Lucy Mannion
Naked Politics Blogger
There was a time when MPs were respected members of society. This doesn’t seem to ring true anymore. Deference to parliamentarians has been replaced by intense scrutiny and personal abuse, with MPs as punching bags for the media and public. Reflecting on the treatment of many politicians, I wonder who would want to be an MP anyway?
The most obvious and tragic example of what can happen when you enter the political arena is the vile murder of Jo Cox, a woman who dedicated her life to public service and improving the world. This is an extreme case but sadly the everyday safety of MPs is being questioned and politicians are being provided with extra police advice on their security. The abusive messages many receive now are having to be taken less as rants from those displeased with their political stance, and more as actual potential dangers.
You would assume that, after Jo’s death, people might have thought twice about menacing MPs, but at least 25 received death threats last month. This time in an email which also threatened their families and included a picture of a severed head. Similarly appalling was the tweet received by Yvette Cooper MP threatening to kill her children over her position on the EU. Examples such as this are not as rare or shocking as they should be.
Even at a more mundane level, the reports of Conservative MPs being spat at as they entered the party conference last year are unsettling and not what I expect in modern day Britain.
Over in the Labour camp, this year has seen some abysmal incidents facing those who question Corbyn. The height of which being when former leadership contender Angela Eagle had a brick thrown through her office window and her staff intimidated. It should be a positive thing that people are becoming more engaged in politics, but we need this to be via open debate, not mob violence.
Away from the issue of personal safety, MPs are attacked for their pay, expenses and long holidays. Many concur that the downward trajectory of respectability MPs have been facing began with the expenses scandal and understandably so. However, more than 225 MPs were elected to the commons for the first time in 2010, who never even had a taste of the expenses gravy train that came before. However, the idea that MPs are all on the take is so ingrained this is generally ignored, despite the fact that the new IPSA expenses regime is generally accepted to be a lot more stringent.
On the matter of the long parliamentary recesses, the media like to run pieces sneering at all the time off MPs get. However, the majority of parliamentarians use this time to work in their constituency, catching up with their constituents. For very few is it a jolly holiday, but again the perception of MPs as the cats that got the cream is entrenched.

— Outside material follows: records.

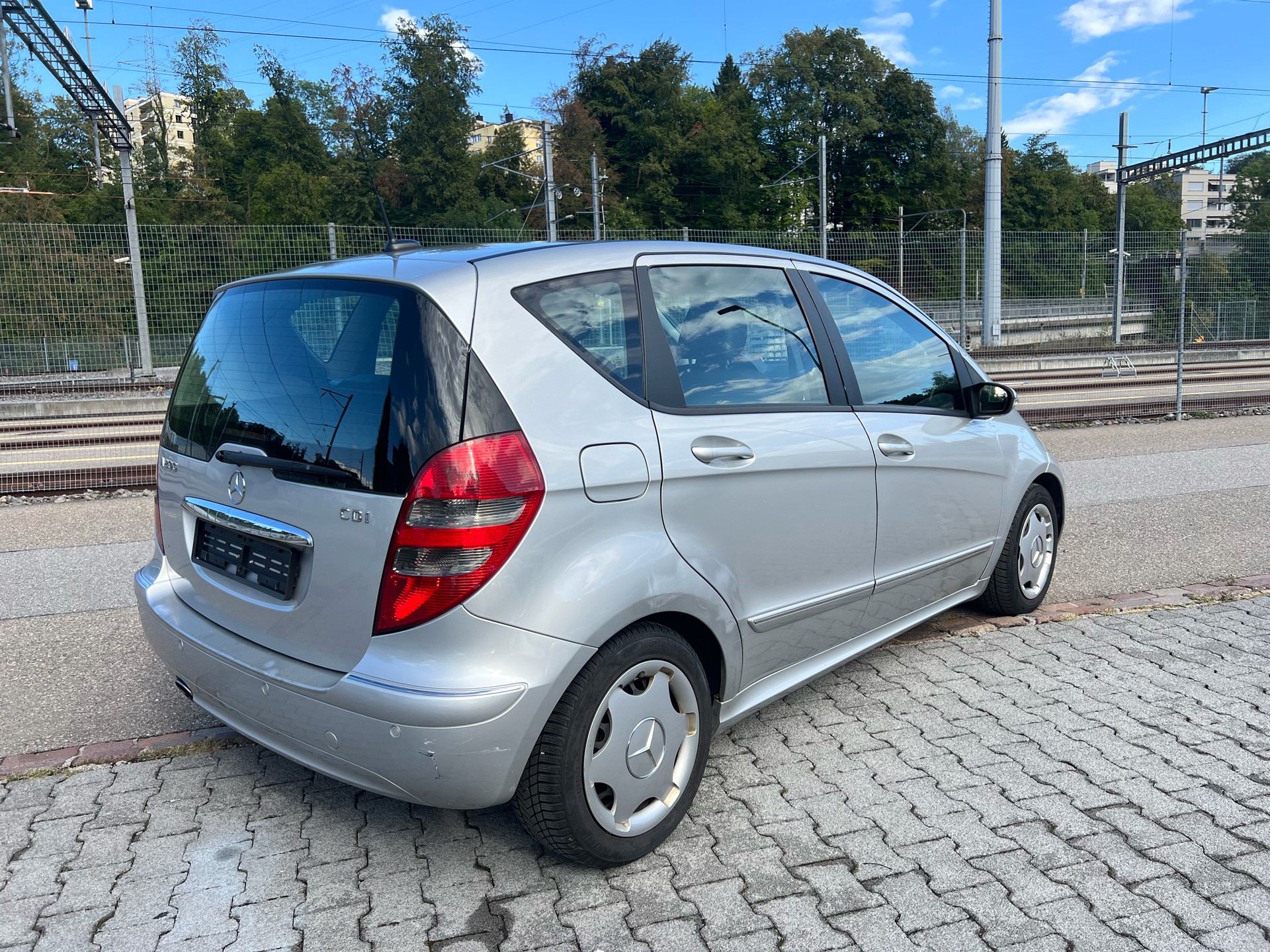 MERCEDES-BENZ A 200 CDI Avantgarde-image-4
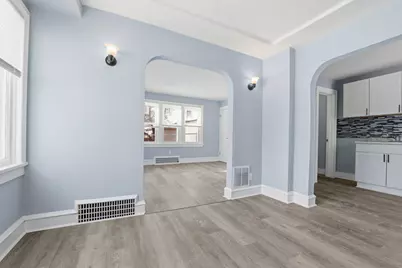 5257 N 34th St, Milwaukee, WI 53209 - Photo 2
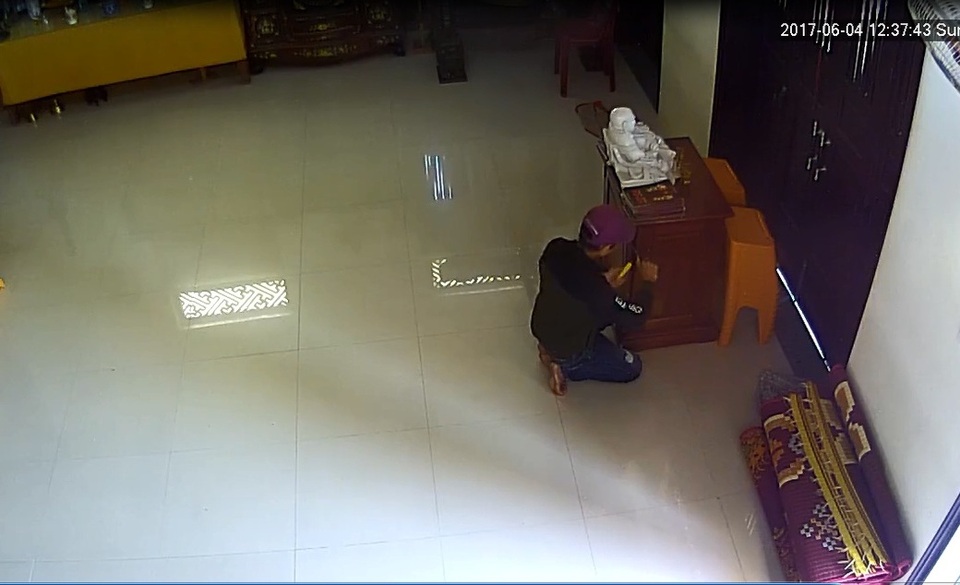 Cạy hòm công đức trộm tiền chỉ trong vài chục giây - 2 Đối tượng đang tiến hành cạy cửa hòm công đức
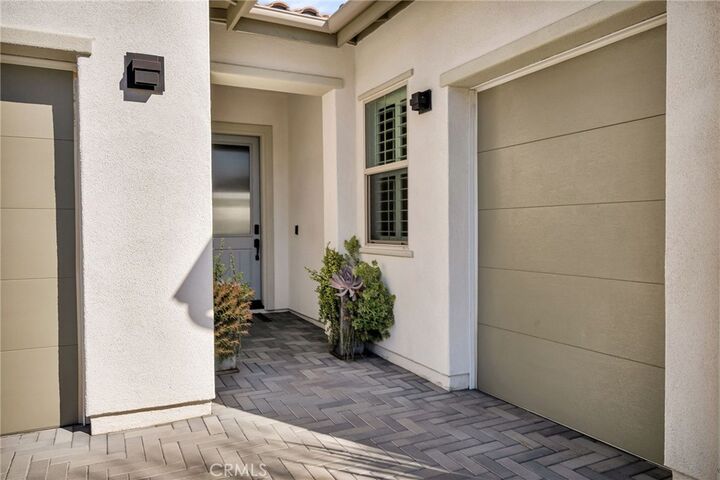 Property Photo: 11686 Oakton Way CA 92883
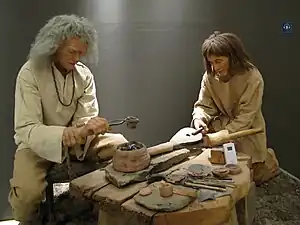 Reconstitution de la fabrication des gombiks dans un musée de Pohansko (zámek) (cs)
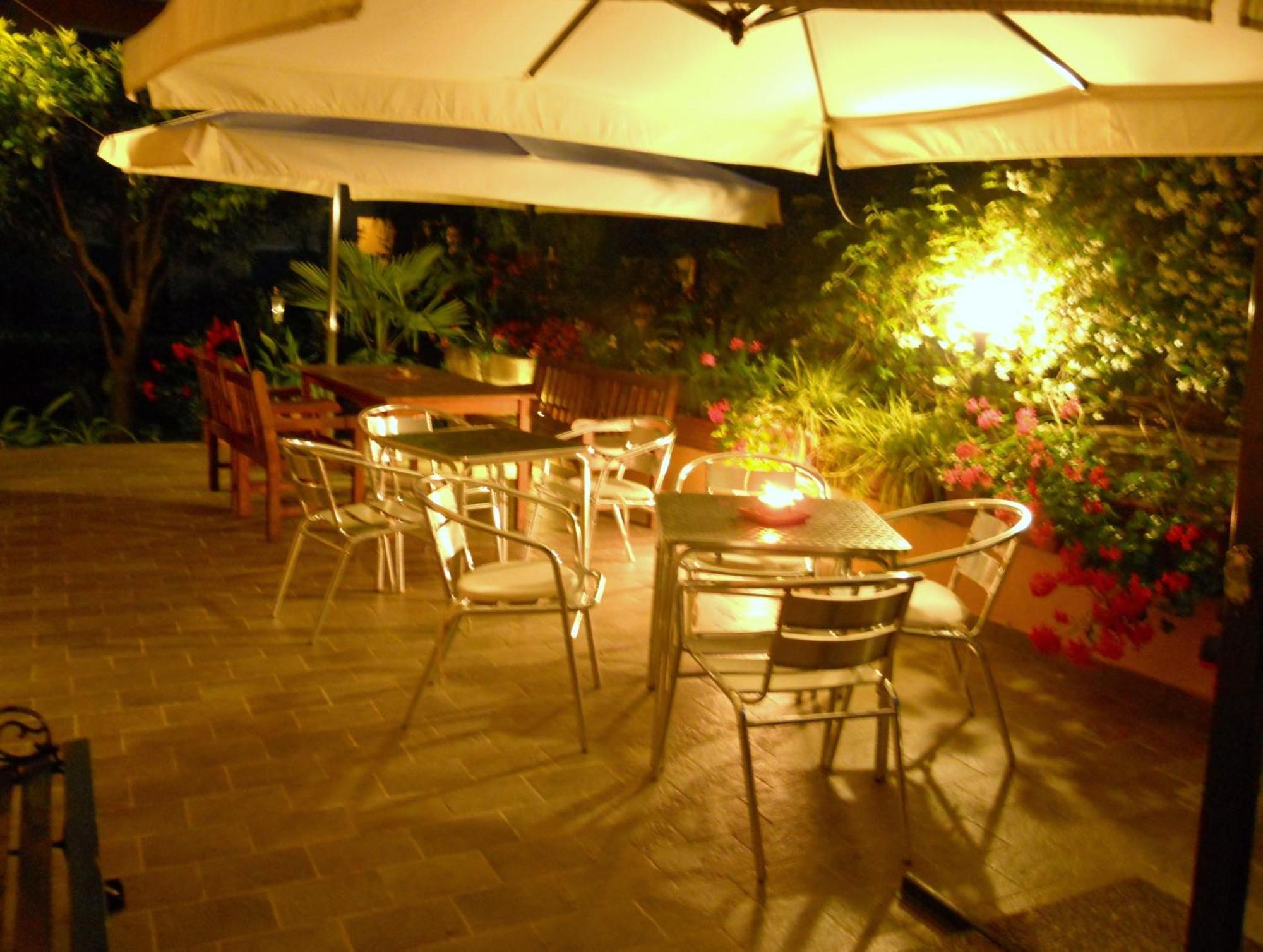 Locanda Villa Moderna Genoa Bagian luar foto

Your private life also ceases to be that when you become an MP, whether any personal indiscretions affect your job or not. Of course some may be more pertinent than others, the recent issue of Keith ‘Jim’ Vaz and his party boys does leave a bit of a bitter taste seeing as his Home Affairs committee has done a lot of work on prostitution. However, there have been plenty of personal indiscretions by MPs that deserved to remain behind closed doors. Steve Double’s MPs extramarital affair with his own caseworker would arguably be one of these, but regrettably for his wife this was not an option. I realise some would disagree but I’m of the school of thought that MPs should be people not paragons of virtue.
If you are a female MP, the focus also largely extends to whether or not you have children and if not why not? The tasteless scuffle between Andrea Leadsom and Theresa May highlighted this to the extreme during the Conservative leadership campaign. Following on from this was Nicola Sturgeon’s bare all about her miscarriage. So it seems this remains a focal point for women politicians.
All the above taken in to account, I wonder who is going to want to become an MP in the future. Though not badly paid, it’s likely most MPs could earn more doing something else and being an MP is the definition of having no job security. You have the unenviable task of having to balance your own conscience, with the often conflicting views of your constituents and the whip of your party. Not to mention also giving headspace to the positions of experts, charities and lobbyists. Then in the end, whatever you decide you will never please everyone. MP’s, they’re damned if they do and damned if they don’t. They have my sympathy.